La première est ce qu’on pourrait appeler – pour rester dans l’univers des séries TV – un « pilote », un épisode qui donne le ton. Les commanditaires veulent frapper fort et confient la première page enluminée, celle qui attire d’emblée l’attention, à un peintre de renom. Il fait partie d’une longue lignée d’enlumineurs gantois, les Maîtres de Guillebert de Mets, employés à l’occasion par les ducs de Bourgogne. C’est un représentant tardif du groupe Mets. Il appartient à l’entourage du Maître de Marguerite d’Escornaix, nommé d’après l’une de ses commanditaires, une abbesse de Nivelles qui le charge, vers 1445, d’illustrer un superbe livre de prières aujourd’hui conservé à Bruxelles.
Dans le cas du Bréviaire, le nombre élevé d’intervenants s’explique aussi par la longueur du projet.

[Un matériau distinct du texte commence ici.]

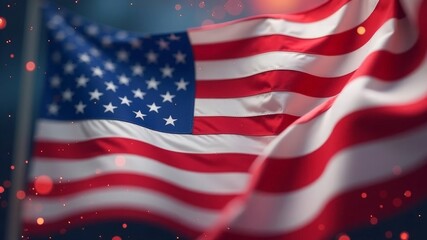 word Veterans Day , waving flag of the United States of America. USA flag blurred background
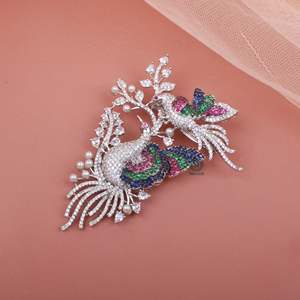 Oshin CZ Crystal Brooch Pin-Gold Plated Rhinestone Floral Animal Number Design - Product Image 3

Son art est ancré dans la tradition, peu sensible au nouveau réalisme introduit à la même époque par des peintres tels que Jan van Eyck ou Rogier van der Weyden, ceux qu’on a appelé les « primitifs flamands ». Ainsi, dans la grande initiale qui ouvre le texte du tome 1, après le calendrier, le roi David est agenouillé en prière devant un autel à retable, un meuble liturgique que l’on s’attend à trouver dans une église ou une chapelle. Mais l’enlumineur n’a pas jugé nécessaire de situer la scène dans un tel décor. Elle figure dans un environnement abstrait – un carrelage, un muret et un fond quadrillé –, qui n’évoque aucun lieu réel. La marge abrite un hybride mi-homme mi-animal, un ange sonnant de la trompe, un paon et une représentation du jeune David affrontant le géant Goliath, tout harnaché. L’enlumineur réalise encore une marge dans les pages qui suivent (fol. 48v), puis, en plein milieu du septième cahier, il passe le relais à un collègue sans doute moins réputé, mais nettement plus persévérant.